November 11, 2017 by Sam

Make no mistake about this.  I think as writers, we have a tendency to rely heavily upon the artistic part of the writing.  We love that.  We love being inspired and being creative.

All of those things are important and they work together to produce your unique voice.  That’s some magical stuff, for sure.

However, here is something that may appear contradictory to that.

This is work.   It really is.  It’s work and it requires effort from you.

Before I started writing my novel, I wrote when I “felt led to.”  It was a cool way to say that I did it only when I felt like it.  However, now that we have those deadlines set in place, I “feel led to” every morning between 6:30 and 8:30 am.

While this idea may appear to weaken the excitement of writing, I’ve found it does the opposite under the right perspective.  Here are my tips to help you put some work into your writing.

1) View it as a scheduled responsibility instead of something you do when you have time.  What gets scheduled gets accomplished.  I know my schedule and when someone makes an appointment with me, I keep it.  I am treating my writing like an appointment with a person.  This keeps me from blowing it off.

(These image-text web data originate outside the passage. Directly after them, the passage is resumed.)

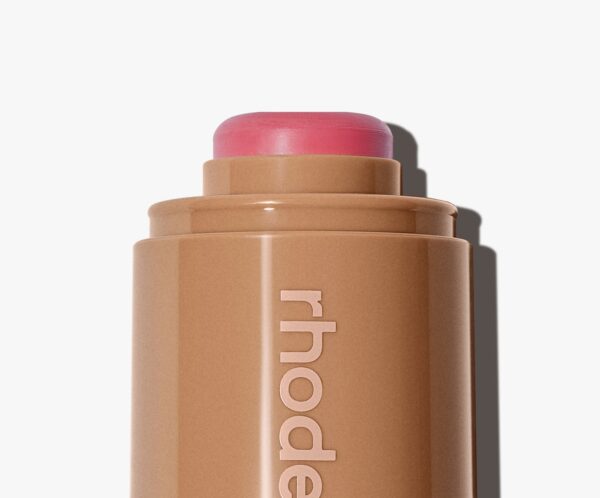 Rhode Pocket Blush dalam kemasan stik minimalis dengan berbagai pilihan warna untuk tampilan pipi segar dan glowing.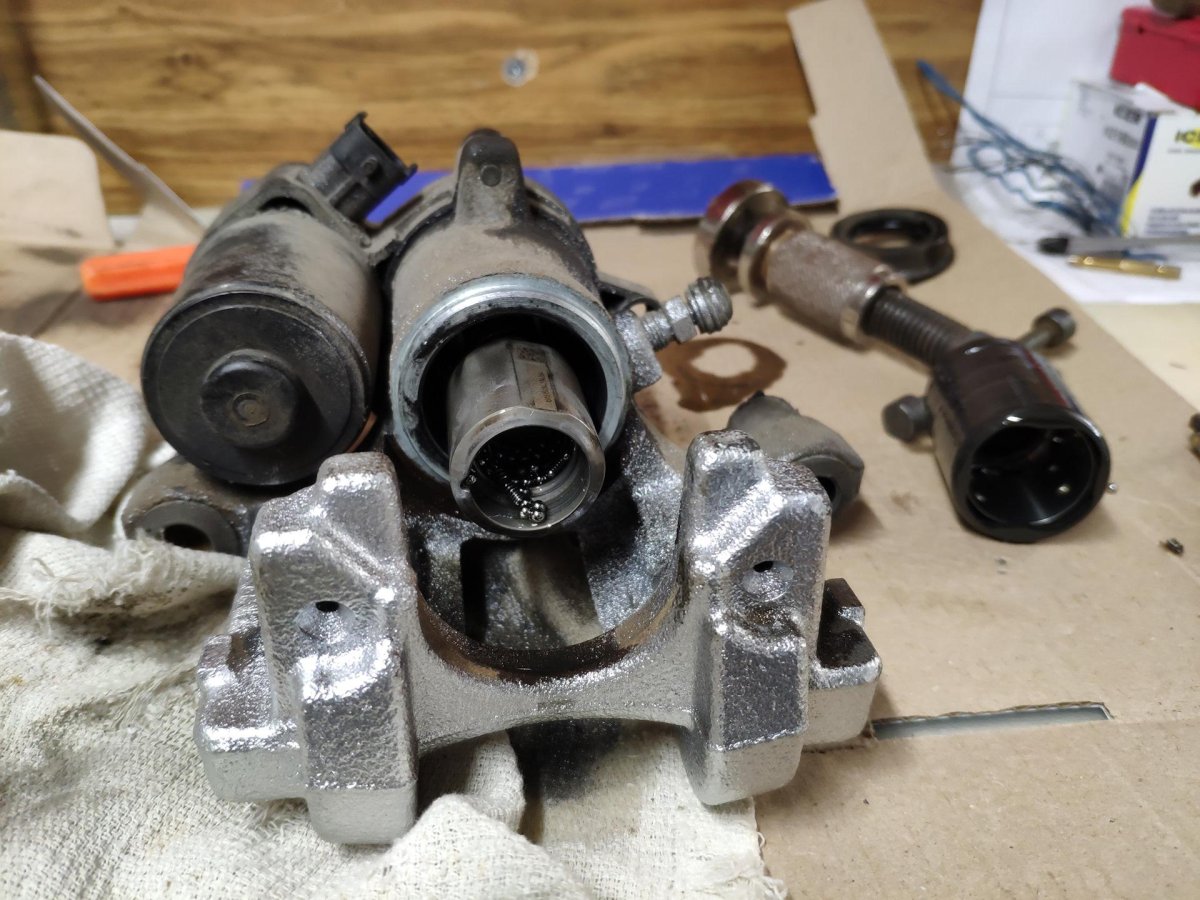 Форд Куга задний суппорт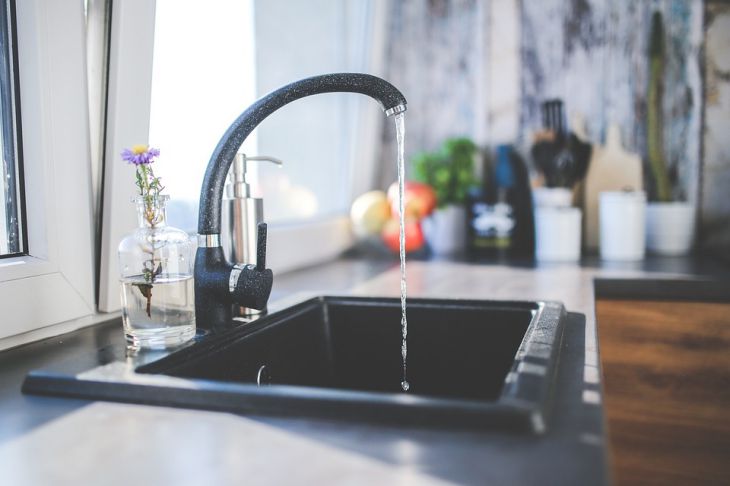 Hopelessly outdated: 5 anti-examples in kitchen design Kitchen Faucet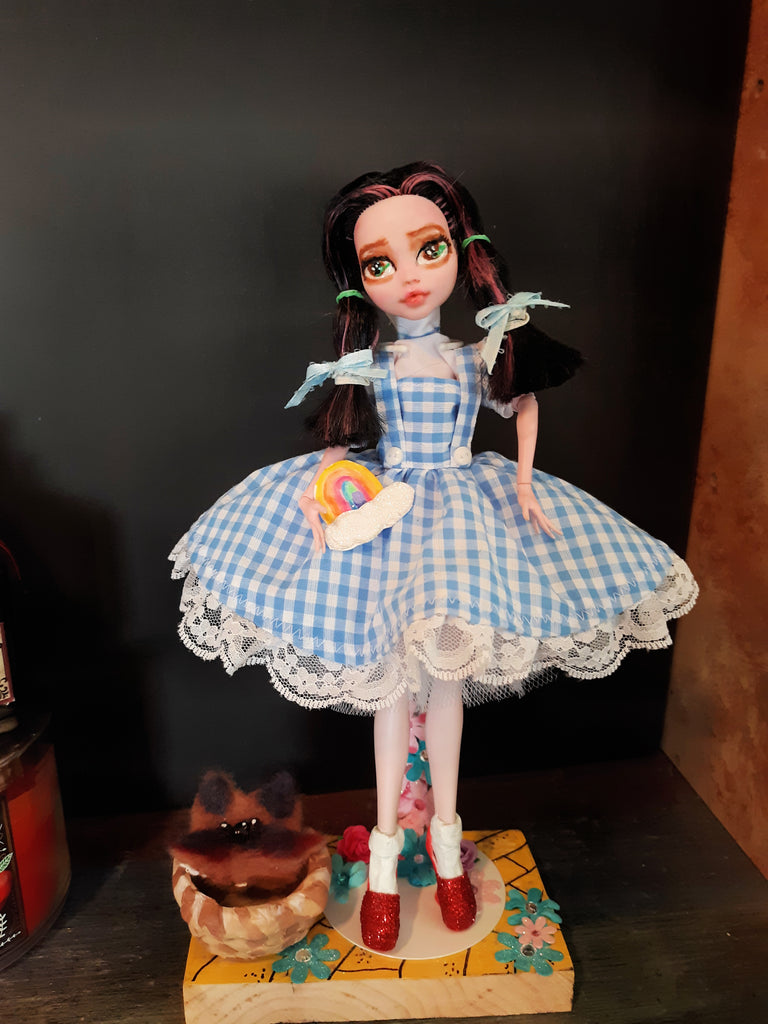DOROTHY GAYLE and Toto Oz Monster High OOAK doll repaint  by Leslie Mehl Art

2)  Write without regard for emotion instead of under the direction of it.  I’ve gotten up every morning between 5:00 and 5:45 am.  I know how my day is, and I know that if I waited until I felt like writing later on in the day, my schedule may not agree with that sentiment.  I also know that I like sleep, and when my bed has a womb-like warmth and the sun still isn’t up, I don’t feel like getting up and sitting in a stiff office chair in front of a computer.  But I refuse to let my emotion get the best of me.

3) Get the words on the page regardless of how the words feel coming out.  Anne Lamott (we’ll examine her book on writing in an upcoming Video About A Book) says that every single rough draft is – well – it’s her saying.  But they’re not perfect.  Every writer ever goes through intense periods of believing that they are writing the best words ever written and the worst garbage ever produced.  Write anyway.  It’s work.

You might write 1000 words and 100 of them are good.  Don’t focus on that right now.  Focus on words meeting paper and you having more words today than you did yesterday.  As writers, it’s our job!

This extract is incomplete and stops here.